Esses aspectos são menosprezados também no Brasil. As análises hegemônicas nos debates locais parecem calcadas na ilusão de que o populismo não passa de um ardil para enganar os eleitores e manipular suas vontades e expectativas. É mais fácil demonizar ou ridicularizar certas figuras do que reconhecer que espelham tendências preexistentes, assumindo papéis que as satisfaçam no interior de pautas circunstanciais.
Para entender a ascensão de Trump, contextos e proporções à parte, basta acompanhar as redes digitais brasileiras. Nelas há exemplos cotidianos do crescimento de um espírito reacionário que amalgama diversos repertórios comuns, principalmente os contrários a pautas progressistas e em geral nascidos no antipetismo que se disseminou a partir do imenso esforço midiático a favor do impeachment.
Trata-se de um mesmo impulso represado, unindo as bolhas de ignorância da internet, à espera de alguém que o incorpore. É ingênuo acreditar que essa expectativa ainda não produziu resultados. Eles apareceram, apesar de esparsos e localizados, nas vitórias de candidatos municipais que apostaram no mesmo tipo de ética antipolítica adotado por Trump e que tiveram, como ele, um público predisposto a aceitá-la.
O sucesso das iniciativas regionalizadas configura o primeiro passo para o fenômeno atingir dimensões nacionais. Sua trama subjetiva aos poucos vai enredando contingentes urbanos cada vez maiores, norteados por crenças e princípios homogêneos que as plataformas locais naturalizam e fortalecem. E, de modo muito característico, a própria frustração das esperanças renovadoras alimenta esse arcabouço ideológico, pois o ceticismo perante os fiadores do discurso eleitoral ortodoxo recicla as potências desejosas de alternativas, ampliando-as para domínios de percepção do sistêmico e do global.

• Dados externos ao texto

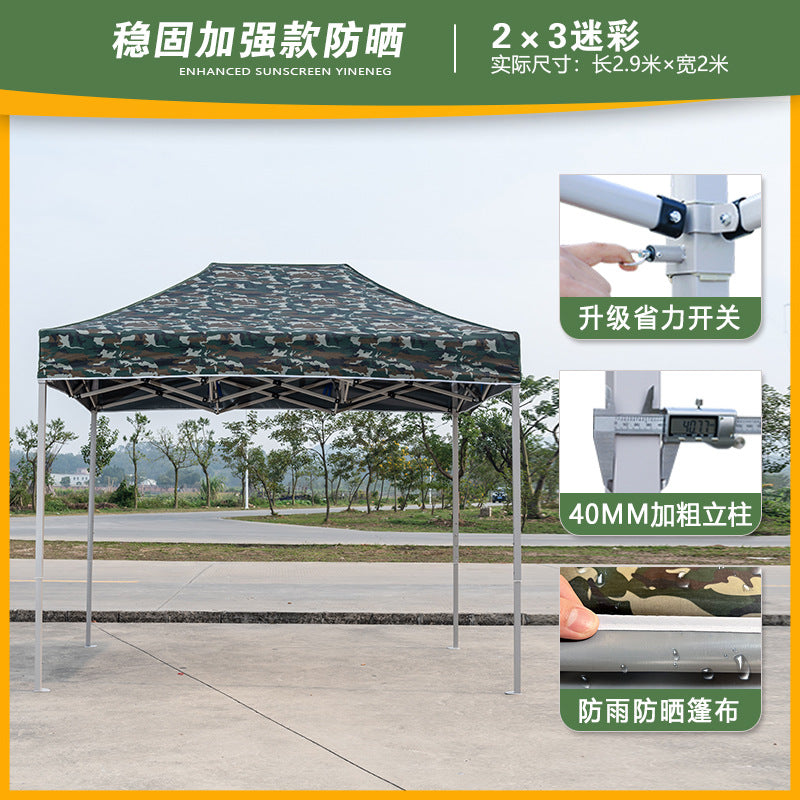 Four-corner Stall Tent Extra Thick Custom Advertising3x3Thickened Outdoor Commercial Exhibition Sunshade Folding Canopy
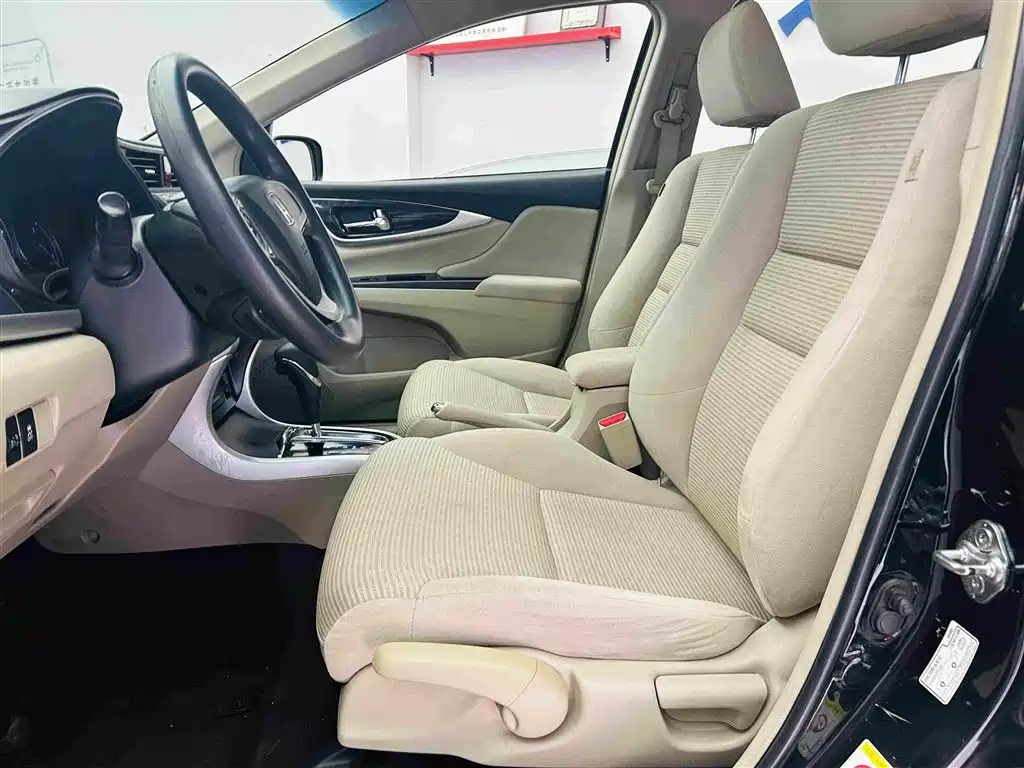 Honda Crider — миниатюра 20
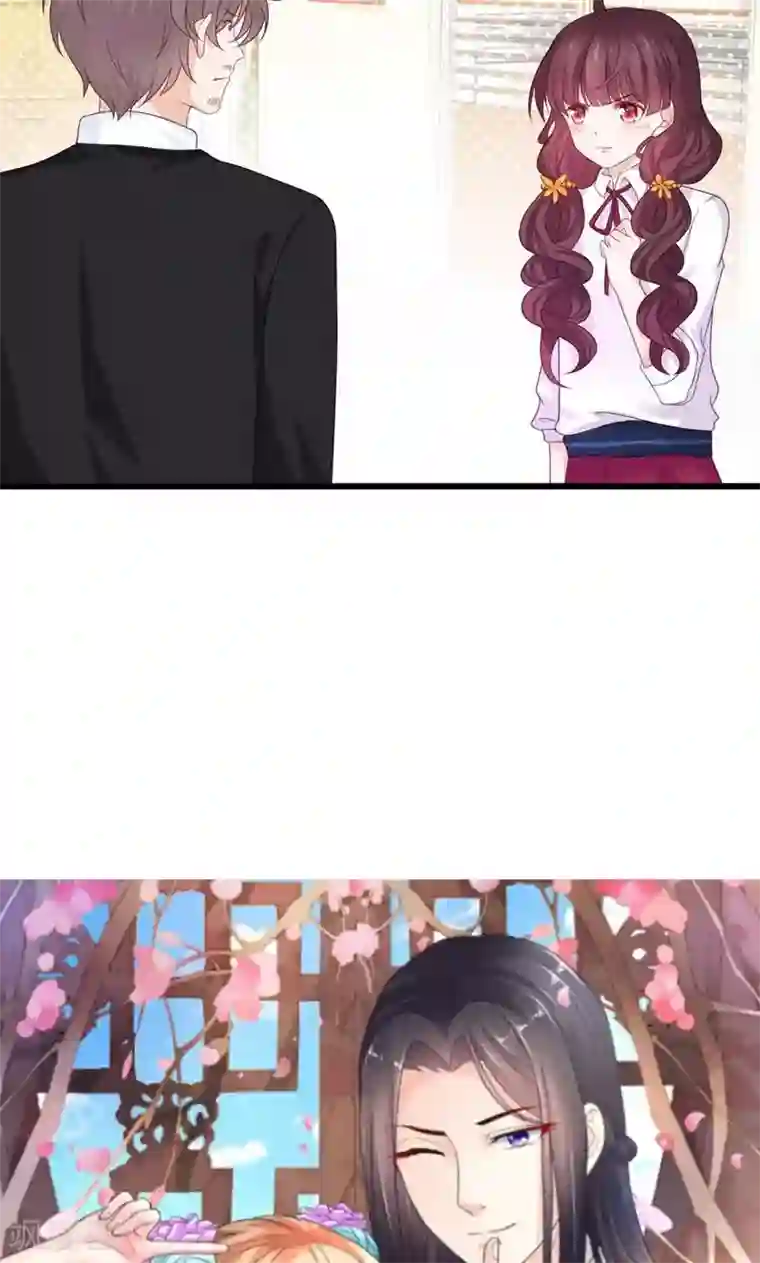 喜欢你的春夏秋冬第30话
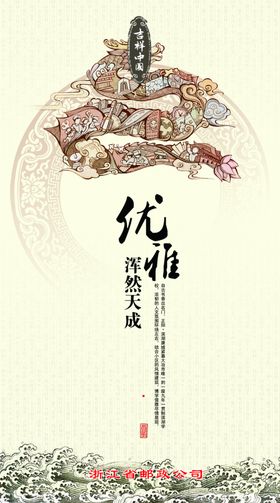 中国风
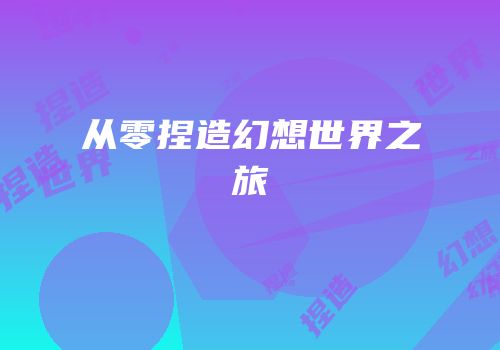 从零捏造幻想世界之旅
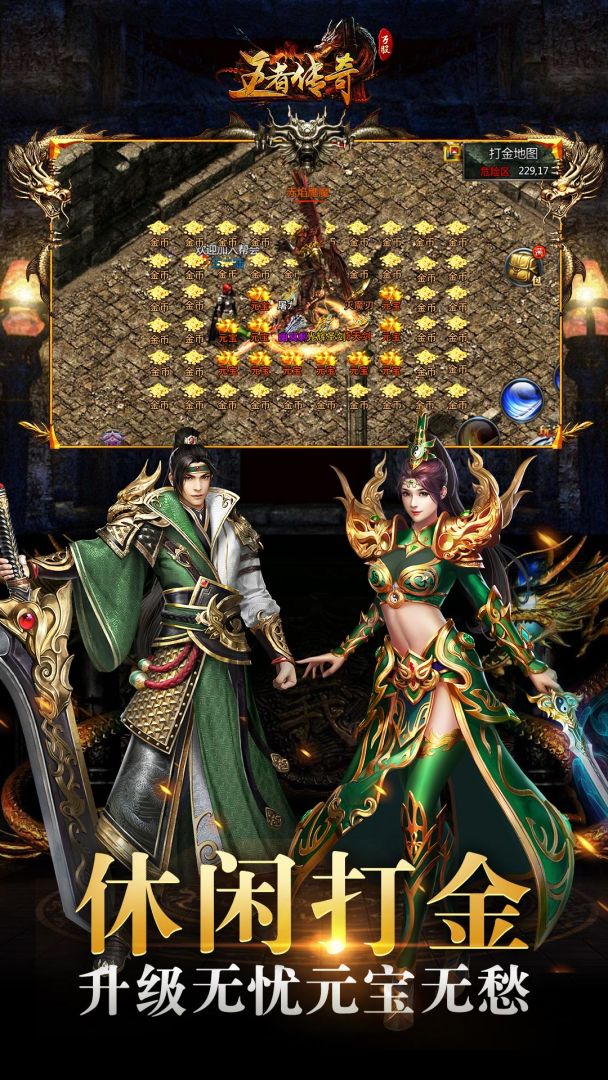 王者传奇游戏截图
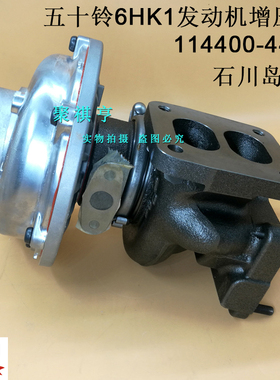 住友300/350-5 凯斯360 CX360 JCB360电喷五十铃6HK1发动机增压器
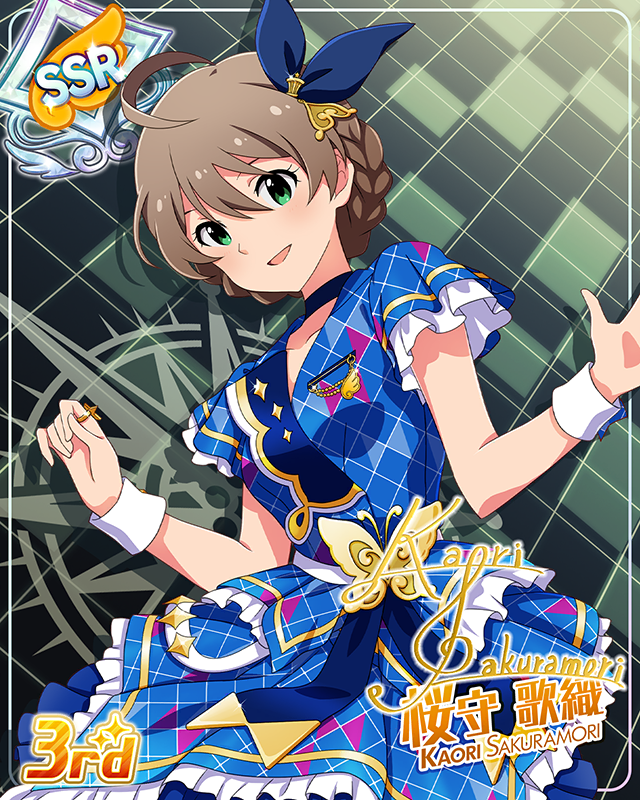 CHALLENGE FOR GLOW-RY DAYS 桜守歌織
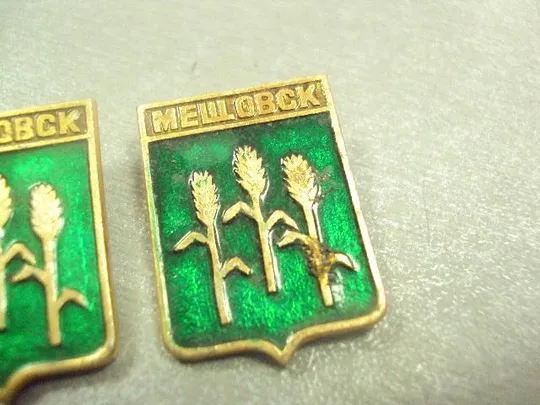 знак герб мещовск лот 4 шт №14532 З аукціону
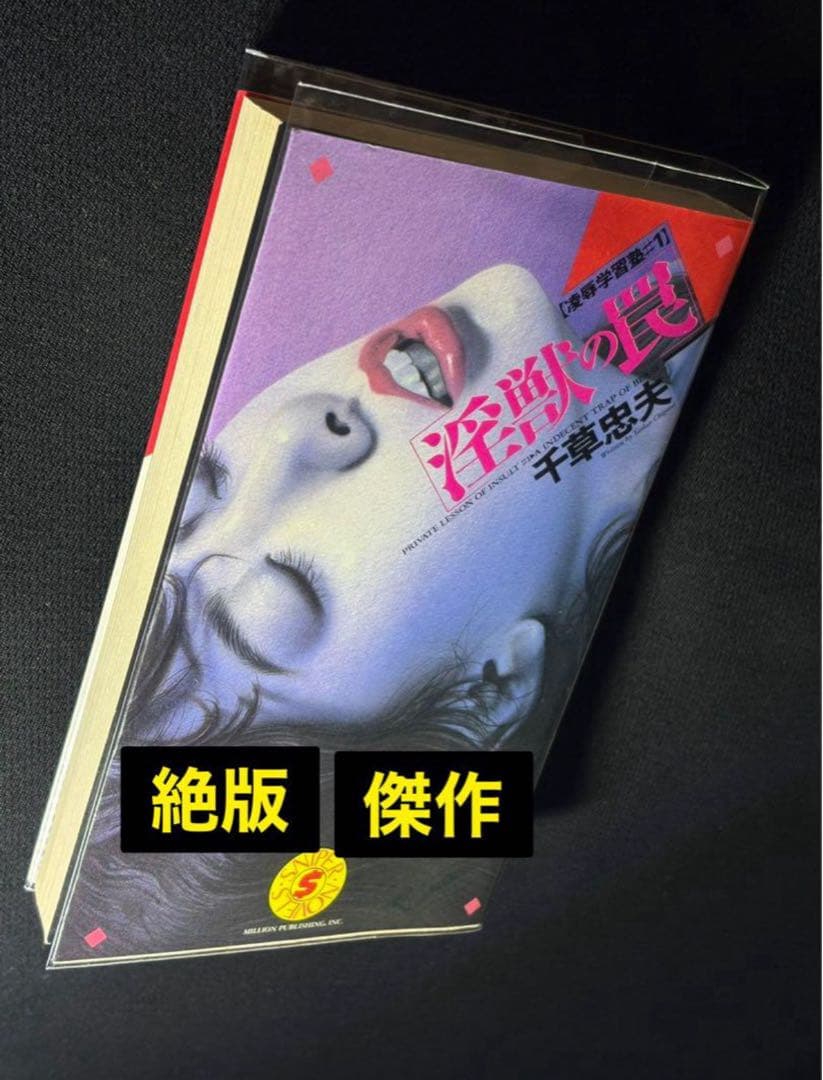 絶版【傑作】淫獣の罠 千草忠夫 ※人気ランキング上位の傑作！ 絶版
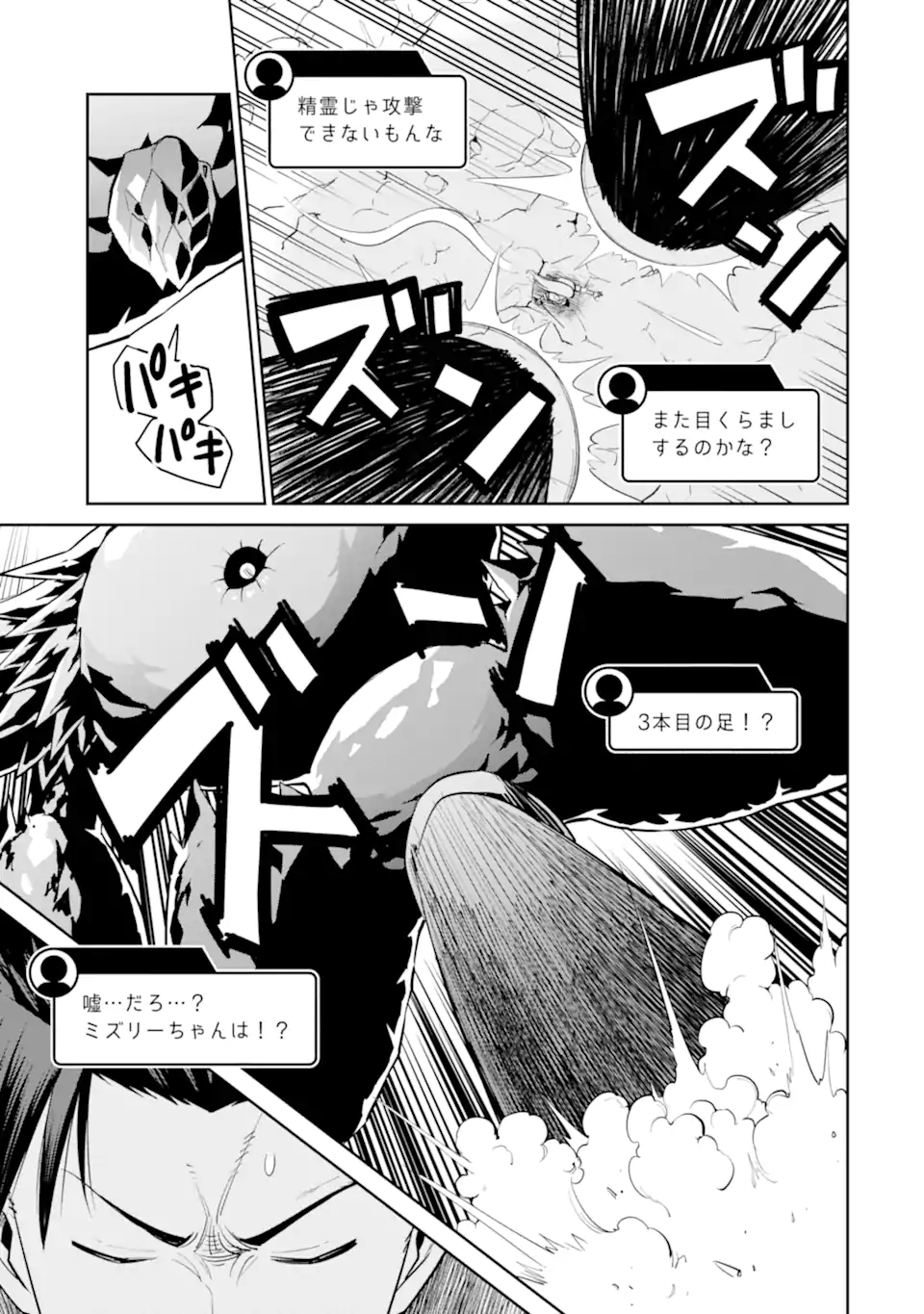 最強は田舎農家のおっさんでした~最高ランクのドラゴンを駆除した結果 Chap 7.1 - Next Chap 8.1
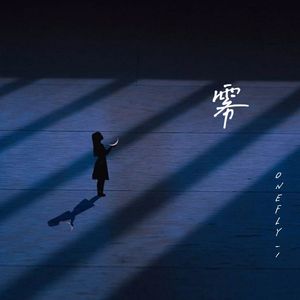 雾（Prod.Furyl＆Lil Siren）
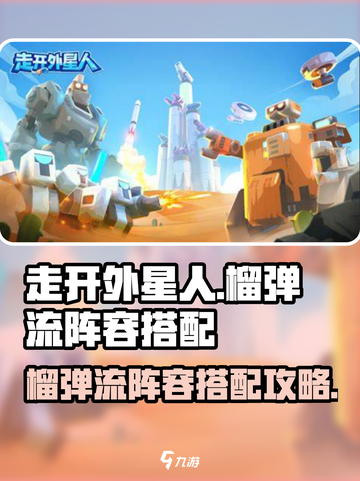 走开外星人🔥榴弹流阵容搭配攻略来啦！截图1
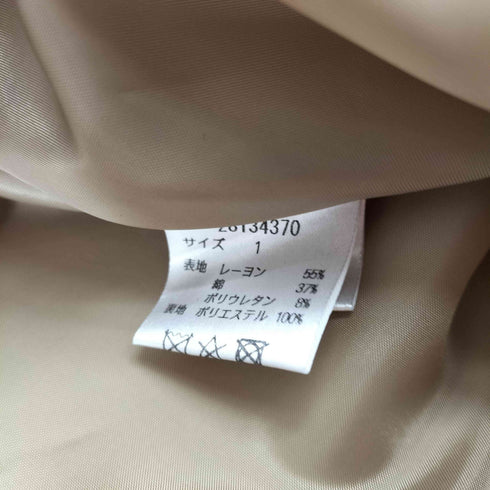 アプワイザーリッシェ Apuweiser riche トレンチスカート レディース JPN:1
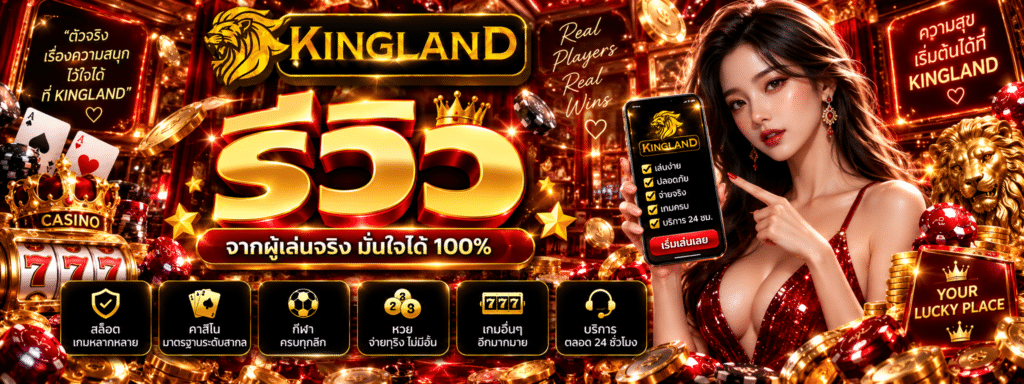 KINGLAND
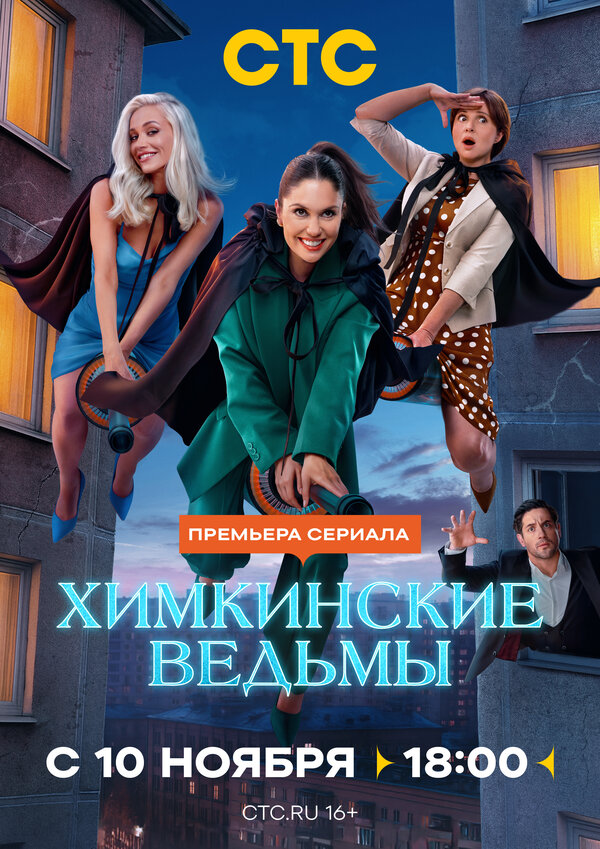 Постер Химкинские ведьмы Постер Химкинские ведьмы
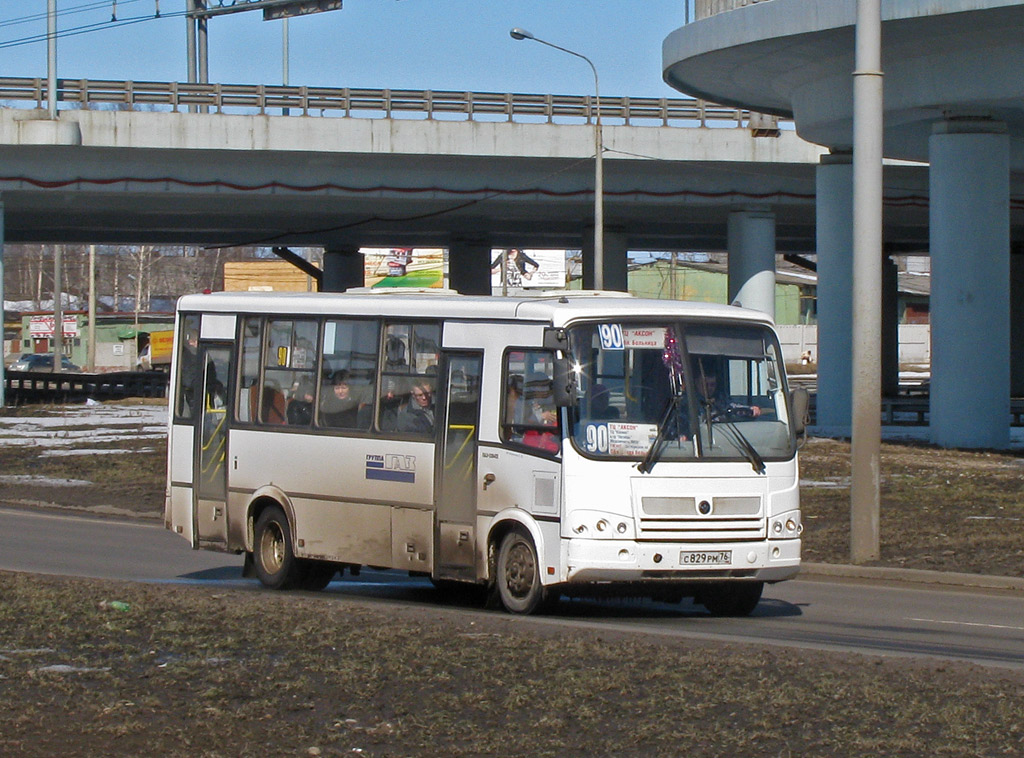 Ярославская область, ПАЗ-320412-03 № С 829 РМ 76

O perigo do ultraconservadorismo não reside na aparição de representantes modestos ou identificados com nichos radicais. Reside no fortalecimento desse imaginário até ele ganhar relevância estatística, atraindo a máquina partidária, o aporte financeiro e as lideranças prestigiadas que tornam qualquer projeto competitivo. Quando a causa passar a instrumento de pragmatismo eleitoral, sua fantasia ética estará pronta para quem se dispuser a vesti-la. E não será um diletante qualquer.